• **WORK REQUIRED**:
Would you please transcribe the data in full and exactly, excluding images?

• **SOURCE DATA**:
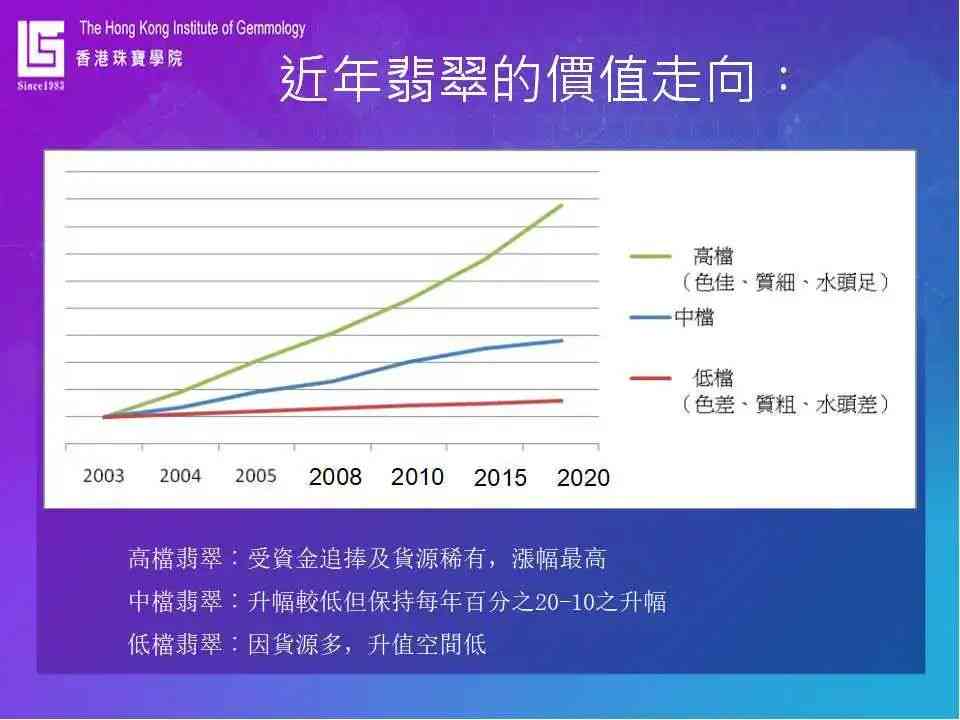 翡翠产量的市场趋势及其对全球珠宝业的影响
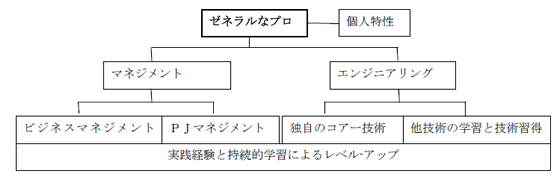 オンラインジャーナル Pmプロの知恵コーナー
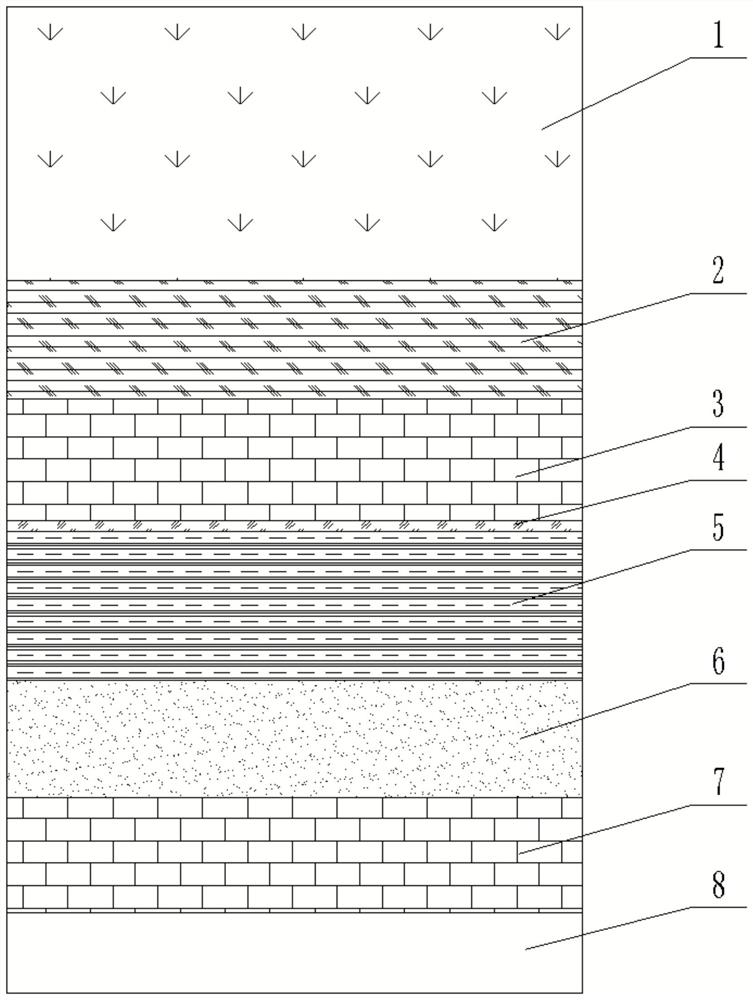 A method for ecological restoration of landfill closure by utilizing deeply mineralized stale garbage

• **ANSWER FOR THIS EXERCISE**:
 翡翠产量的市场趋势及其对全球珠宝业的影响
 オンラインジャーナル Pmプロの知恵コーナー
 A method for ecological restoration of landfill closure by utilizing deeply mineralized stale garbage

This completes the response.